(Data excerpts)

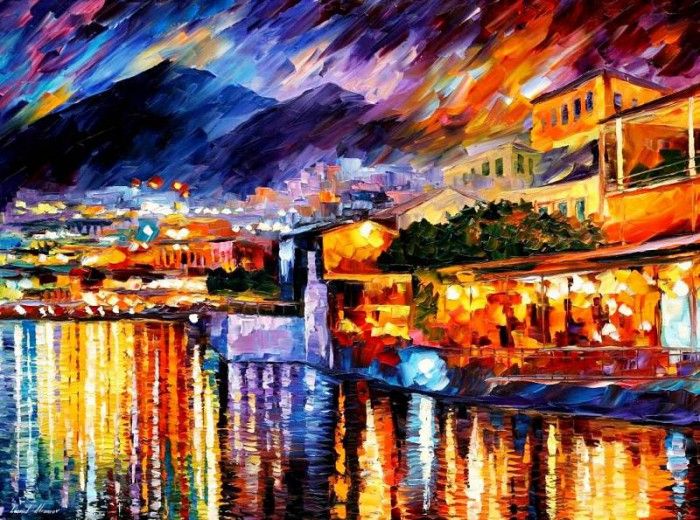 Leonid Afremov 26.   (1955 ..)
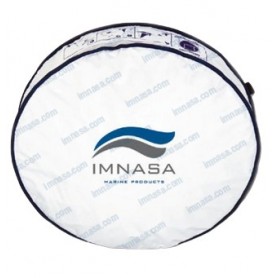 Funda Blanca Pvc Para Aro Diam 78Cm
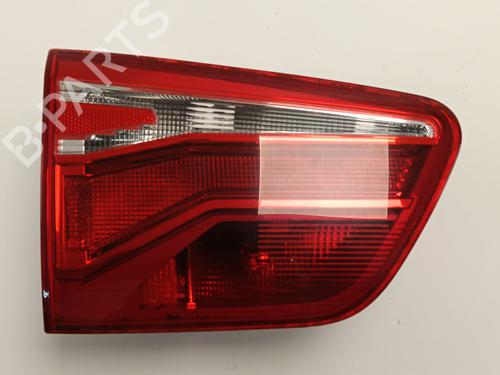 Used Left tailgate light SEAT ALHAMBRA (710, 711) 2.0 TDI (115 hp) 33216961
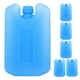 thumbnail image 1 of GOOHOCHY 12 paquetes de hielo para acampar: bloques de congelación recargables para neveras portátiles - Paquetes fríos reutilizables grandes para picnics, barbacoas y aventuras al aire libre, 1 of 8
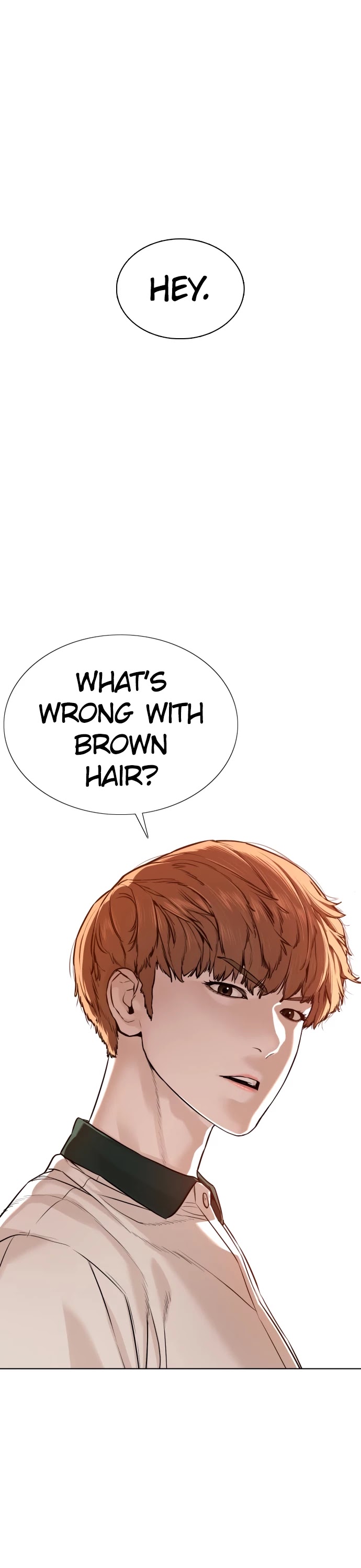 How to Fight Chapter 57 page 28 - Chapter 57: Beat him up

● WHAT YOU SHOULD DO: All that is required is the lines from the line containing "Funda Blanca Pvc Para Aro Diam 78Cm" through the end of the records above, copied exactly, and none of the pictures.

● ANSWER:
 Funda Blanca Pvc Para Aro Diam 78Cm
 Used Left tailgate light SEAT ALHAMBRA (710, 711) 2.0 TDI (115 hp) 33216961
 thumbnail image 1 of GOOHOCHY 12 paquetes de hielo para acampar: bloques de congelación recargables para neveras portátiles - Paquetes fríos reutilizables grandes para picnics, barbacoas y aventuras al aire libre, 1 of 8
 How to Fight Chapter 57 page 28 - Chapter 57: Beat him up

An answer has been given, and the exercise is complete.